Material for this exercise:
++++

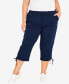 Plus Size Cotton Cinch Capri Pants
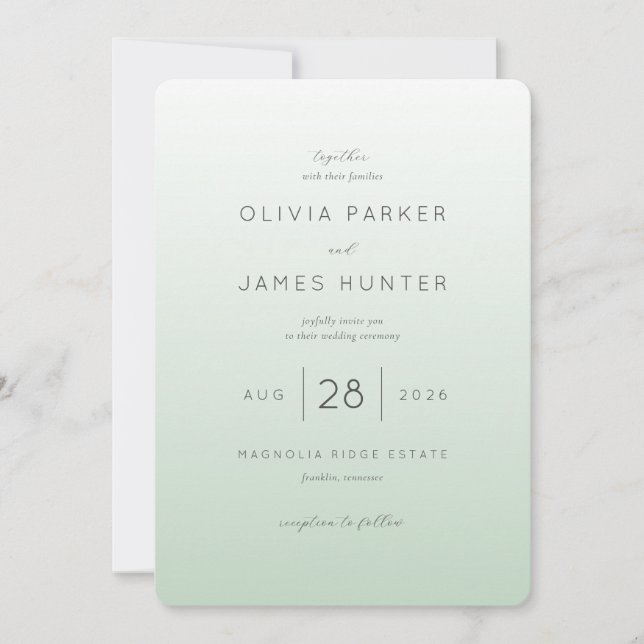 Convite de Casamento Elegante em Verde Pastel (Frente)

++++

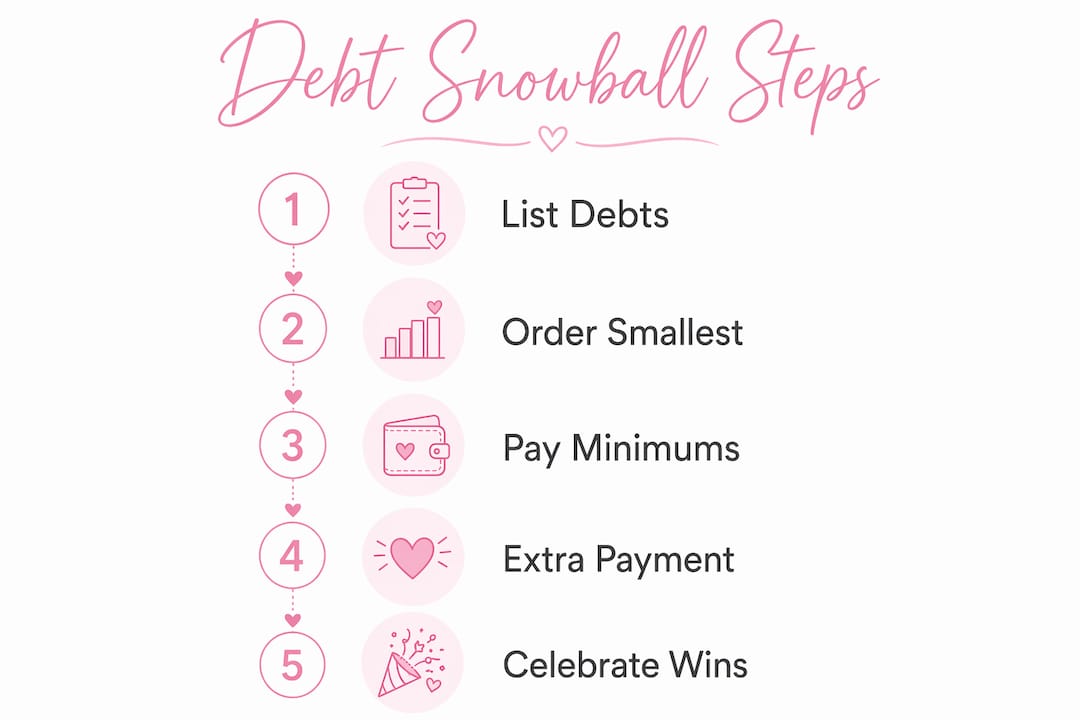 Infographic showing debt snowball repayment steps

++++

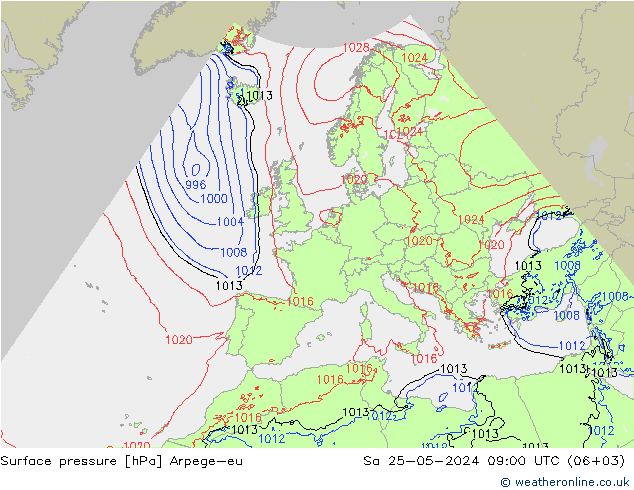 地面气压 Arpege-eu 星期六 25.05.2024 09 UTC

++++

Start with the line with "Plus Size Cotton Cinch Capri Pants" in the listing above and stop after the line with "Convite de Casamento". Write out exactly the lines in that stretch and no others, without pictures.

Answer below:
 Plus Size Cotton Cinch Capri Pants
 Convite de Casamento Elegante em Verde Pastel (Frente)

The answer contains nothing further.